# Supermodifieds Reference



## pshoe64 (Jun 10, 2008)

I was at the library with my daughter a couple of weeks ago. While she was getting the next teen drama trilogy, I was scoping out the car books. I found a gem of book titled Southern Supermodifieds and Other Early Racers Vol 1. This thing is almost all pictures of classic dirt demons and stories about the very colorful drivers of the era. If you can find a copy, it's pure reference gold. I have a couple of new projects now (like I needed another one).










-Paul


----------



## mrstumpy (Oct 5, 2013)

Here in Eastern Ohio, Supermodifieds were the top class on dirt from 1958 to about 1964. They started out as home made frames with narrowed down coupe and 2-door sedan bodies of the late Twenties and early Thirties powered by big, overhead valve V-8 engines. There were even big block Packard and Edsel engines with rows of carburetors on top!
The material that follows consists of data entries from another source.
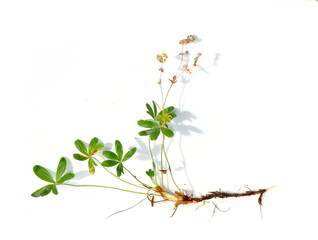 Alpine lady's mantle on white background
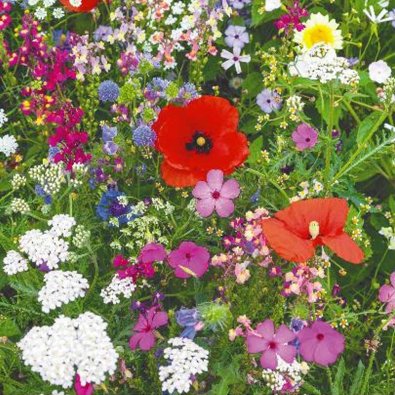 Kukkaseos 'Wild Flowers'
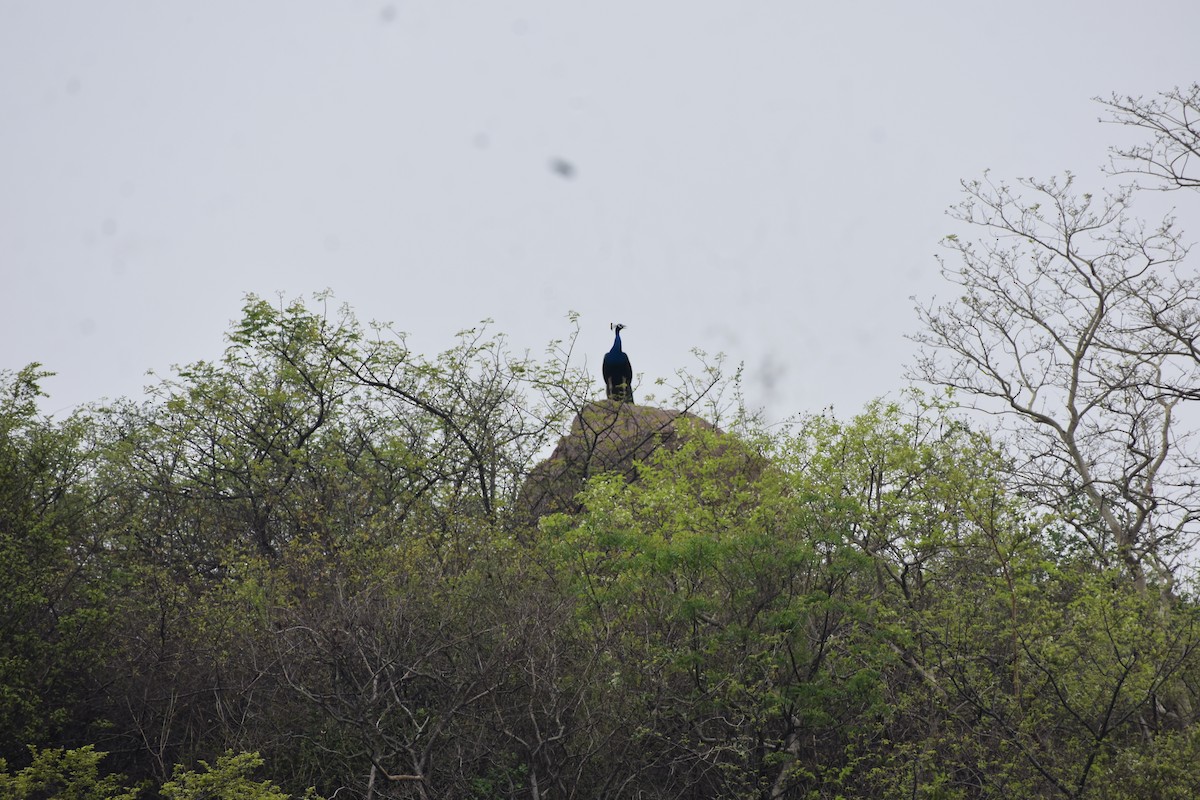 Indian Peafowl - ML646695904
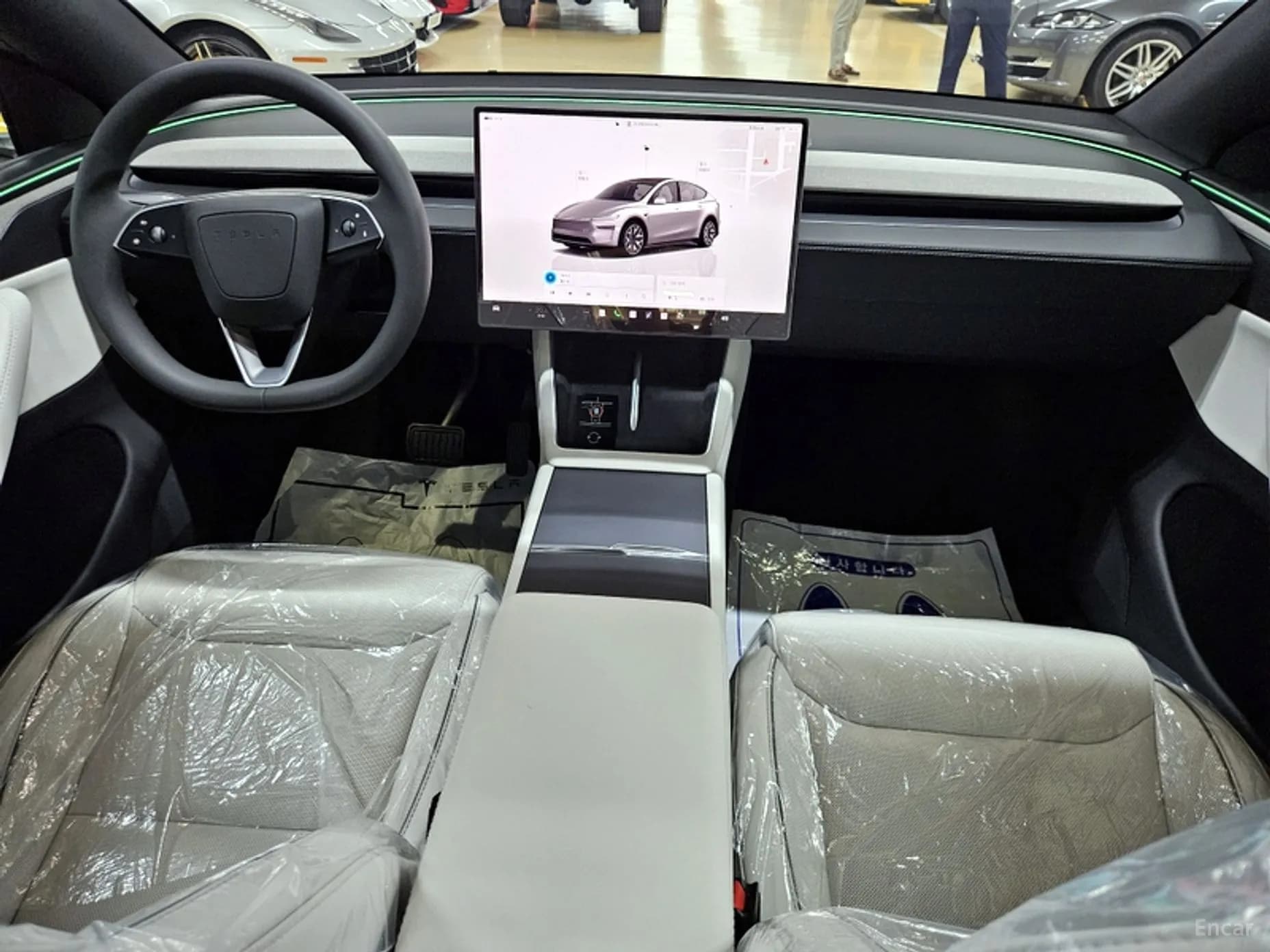 Model Y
Soon, they dropped narrowed car bodies and started using home built versions of coupe bodies on retired Sprint Car chassis. By the Mid-Sixties, they were almost Sprint Cars with full roll cages, with a "roof" tacked on and big V-8s which still ran carbs instead of fuel injection. 

About this same time, the guys out West used the Don Edmonds/CAE chassis and body kits. Resin Dude makes a nice example of this body.

Later on, when I became a speedway announcer, I had an old Supermodified driver of this era tell me; "They were the most dangerous race cars I ever drove. Too much power and terrible handling. They were like having a stick of dynamite in each hand!"

Stumpy in Ahia:thumbsup:


----------



## Ralphthe3rd (Feb 24, 2011)

Paul, that's an awesome book, thanks for the headsup. Although I doubt I'll ever find that book anyplace but on ebay.... and it'll probably sell fast and high, as that's a Classic !


----------



## Super G Man (May 13, 2013)

If you are interested in racing books you might try the Sprint Car Hall of Fame in Knoxville, IA. The Knoxville Nationals started as a "Super Modified" race. The bookstore at the HOF has a huge number of books from all over the country. I bought the books below at the Midget Hall of Fame in Belleville, Kansas but I'm sure you can find them in other places by googling the authors.
The author is Bob Mays on these three and I also have some by former driver Buzz Rose who I remember as a kid as the driver of one the Dizz Wilson Offy's.
Great books with tons of pictures and stories.


----------



## slotcarman12078 (Oct 3, 2008)

Hmmm... did you move the pictures after posting the link?


----------



## Super G Man (May 13, 2013)

Ooops! Here ya go.


----------



## pshoe64 (Jun 10, 2008)

Amazon still has the Southern Supermodifieds Vol 1 and 2 available.

-Paul


----------